Il se tut. Il lui tournait le dos et fixait le sol de marbre.

« Je suis venue pour que vous me disiez ce que vous ressentez, Emparak », reprit-elle enfin doucement. Après tout, ce n'était peut-être pas une bonne idée. « Je peux m'en aller, si vous préférez. »

Il murmura quelque chose qu'elle ne comprit pas.

Elle tendit la main et lui toucha l'avant-bras.

« Voulez-vous que je m'en aille ? » demanda-t-elle, pleine d'appréhension.

Il tourna la tête.

« Non. Ne partez pas. » Il ne savait toujours pas où poser son regard, mais sa main avait subitement saisi la sienne et la tenait fermement. Tout d'un coup, une cascade de mots jaillit de sa bouche. « Je suis un vieux fou… Tout cela est si… Je n'espérais plus avoir la chance, encore une fois dans ma vie, de… Et une femme comme vous ! Je ne sais vraiment pas quoi faire maintenant. »

Lamita ne put s'empêcher de sourire.

« Je parie que vous le savez parfaitement. »

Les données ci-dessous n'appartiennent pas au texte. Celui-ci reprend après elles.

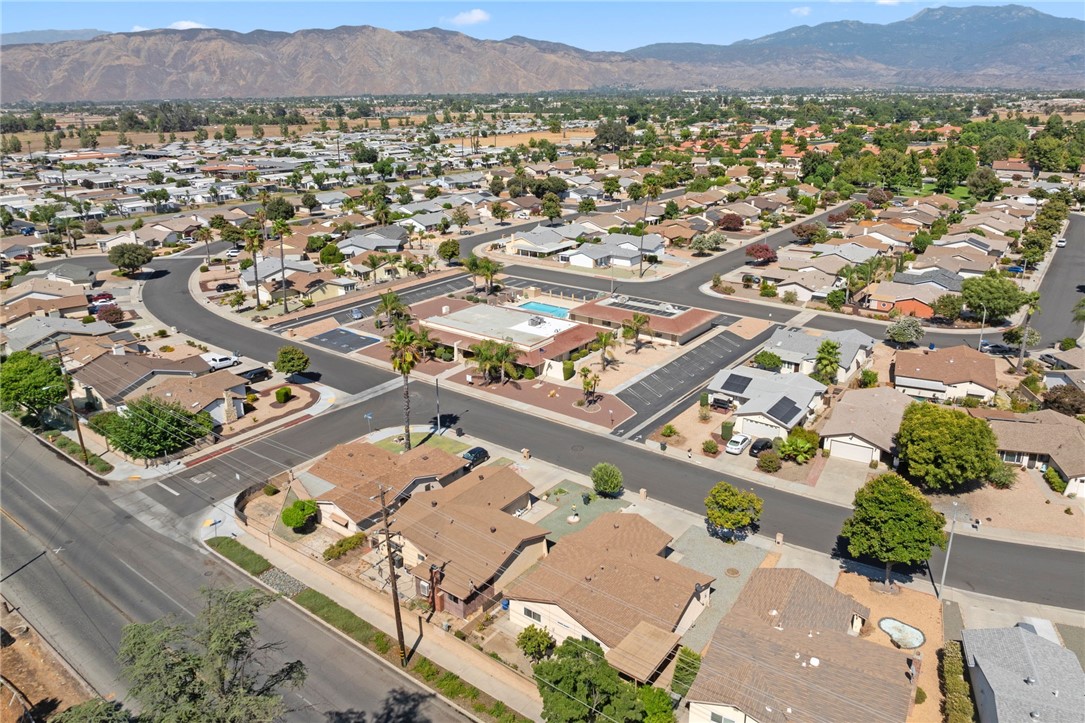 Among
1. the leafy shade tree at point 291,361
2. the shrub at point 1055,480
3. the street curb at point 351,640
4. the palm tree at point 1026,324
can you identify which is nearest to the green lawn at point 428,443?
the street curb at point 351,640

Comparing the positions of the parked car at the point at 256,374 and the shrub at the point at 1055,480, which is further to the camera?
the parked car at the point at 256,374

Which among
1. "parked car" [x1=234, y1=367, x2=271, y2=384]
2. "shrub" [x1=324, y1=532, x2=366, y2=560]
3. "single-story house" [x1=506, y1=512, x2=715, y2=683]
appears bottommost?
"shrub" [x1=324, y1=532, x2=366, y2=560]

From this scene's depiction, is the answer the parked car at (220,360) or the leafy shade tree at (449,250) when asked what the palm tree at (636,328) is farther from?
the parked car at (220,360)

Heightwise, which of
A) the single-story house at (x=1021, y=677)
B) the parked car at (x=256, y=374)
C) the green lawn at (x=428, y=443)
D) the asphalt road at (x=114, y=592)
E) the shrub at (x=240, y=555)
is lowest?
the asphalt road at (x=114, y=592)

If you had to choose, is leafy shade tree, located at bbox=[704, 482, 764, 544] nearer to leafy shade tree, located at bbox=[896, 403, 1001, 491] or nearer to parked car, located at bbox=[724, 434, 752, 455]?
parked car, located at bbox=[724, 434, 752, 455]

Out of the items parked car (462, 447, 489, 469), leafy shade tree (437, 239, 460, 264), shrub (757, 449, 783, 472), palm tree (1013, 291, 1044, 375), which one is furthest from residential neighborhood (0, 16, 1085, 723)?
parked car (462, 447, 489, 469) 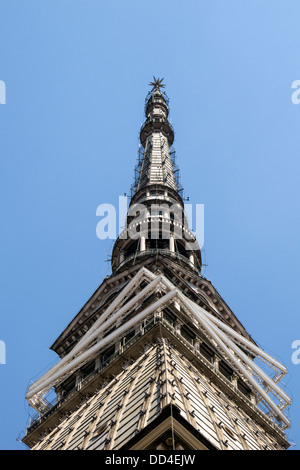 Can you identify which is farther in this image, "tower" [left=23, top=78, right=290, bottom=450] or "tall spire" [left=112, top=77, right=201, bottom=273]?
"tall spire" [left=112, top=77, right=201, bottom=273]

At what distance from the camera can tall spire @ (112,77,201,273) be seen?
7475 cm

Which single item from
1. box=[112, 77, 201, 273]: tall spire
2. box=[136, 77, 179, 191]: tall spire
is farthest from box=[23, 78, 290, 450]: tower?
box=[136, 77, 179, 191]: tall spire

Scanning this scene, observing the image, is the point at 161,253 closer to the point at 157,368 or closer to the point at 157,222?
the point at 157,222

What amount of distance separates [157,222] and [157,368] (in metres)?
37.3

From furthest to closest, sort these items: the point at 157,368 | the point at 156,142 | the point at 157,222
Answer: the point at 156,142 < the point at 157,222 < the point at 157,368

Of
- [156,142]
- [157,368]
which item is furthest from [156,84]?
[157,368]

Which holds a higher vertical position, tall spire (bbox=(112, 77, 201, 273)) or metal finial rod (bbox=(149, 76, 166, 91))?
metal finial rod (bbox=(149, 76, 166, 91))

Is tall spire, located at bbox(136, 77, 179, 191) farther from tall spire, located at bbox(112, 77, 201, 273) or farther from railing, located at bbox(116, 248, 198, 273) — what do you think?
railing, located at bbox(116, 248, 198, 273)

Elle s'était attendue à devoir affronter une montagne de sentiments d'infériorité accumulés pendant toute une vie et elle s'y était préparée. Mais, lorsque Emparak la prit dans ses bras et l'embrassa, elle se sentit liée à lui en une osmose parfaite. C'était stupéfiant. Elle se fondit dans son étreinte. C'était comme si son corps avait toujours attendu que cet homme le touche.

« Puis-je vous montrer où j'habite ? » finit-il par demander après ce que Lamita vécut comme des heures.

Elle acquiesça d'un air rêveur.

« Oui, dit-elle dans un soupir. Je vous en prie. »

« Je n'arrive toujours pas à le croire, dit Emparak dans l'obscurité. Et je ne sais pas si j'y réussirai jamais.

— Rassure-toi, grogna Lamita d'un ton ensommeillé, j'ai moi aussi du mal à le croire.

— Tu as connu beaucoup d'hommes ? » demanda-t-il. La jalousie pointait dans sa voix, c'en était presque amusant.

« Pas autant que la plupart des gens le supposent, sourit-elle. Mais assez pour constater que je me lasse très vite de ces hommes qui pensent que l'époque la plus importante de l'histoire est celle qui a commencé avec leur propre naissance. » Elle se retourna et se blottit contre sa poitrine. « Par chance, tes expériences dans le domaine semblent compenser la faible dextérité dont je peux faire preuve. Je parie que tu n'as pas toujours mené une vie aussi monacale que ton appartement le laisse supposer. »

Emparak eut un sourire, elle l'entendit au son de sa voix.

« Autrefois, j'occupais une position importante, et cela a beaucoup pesé dans la balance. J'étais discret, mais je crois que tout le monde savait que je poursuivais de mes assiduités toutes les femmes du palais… Puis le grand bouleversement s'est produit. Vous autres rebelles, vous, m'avez horriblement dégradé ; vous m'avez fait sentir votre pouvoir et vous n'avez cessé de me faire savoir que j'avais choisi le mauvais camp, celui des vaincus. Vous m'avez tout de même gardé, car vous ignoriez si vous n'auriez pas encore besoin de moi un jour, mais je n'étais plus qu'un vieux domestique. Alors je me suis complètement retiré.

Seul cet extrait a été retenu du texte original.